**WHAT IS NEEDED**
Within the entries below, find the portion that opens with the line containing "CCI® - 5-Spoke" and closes with the line containing "Playmobil 3553 Circus". Retype that portion exactly and only.

**DATASET ENTRIES**

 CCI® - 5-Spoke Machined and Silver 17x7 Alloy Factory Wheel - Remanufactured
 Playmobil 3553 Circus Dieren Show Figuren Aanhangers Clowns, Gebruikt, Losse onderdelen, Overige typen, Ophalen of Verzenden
--
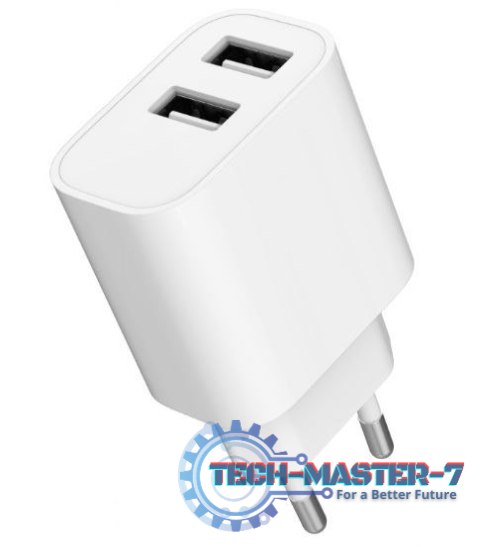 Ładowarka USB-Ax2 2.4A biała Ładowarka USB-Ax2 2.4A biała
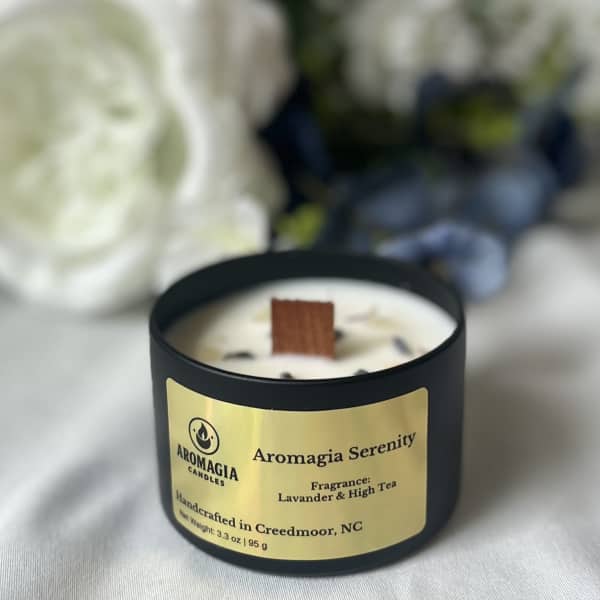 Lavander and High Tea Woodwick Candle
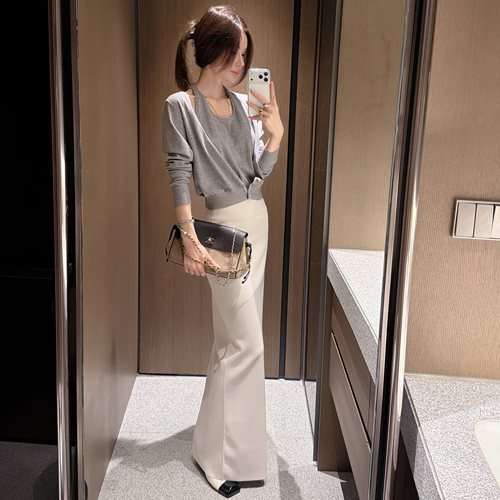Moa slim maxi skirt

**ANSWER SECTION**
 CCI® - 5-Spoke Machined and Silver 17x7 Alloy Factory Wheel - Remanufactured
 Playmobil 3553 Circus Dieren Show Figuren Aanhangers Clowns, Gebruikt, Losse onderdelen, Overige typen, Ophalen of Verzenden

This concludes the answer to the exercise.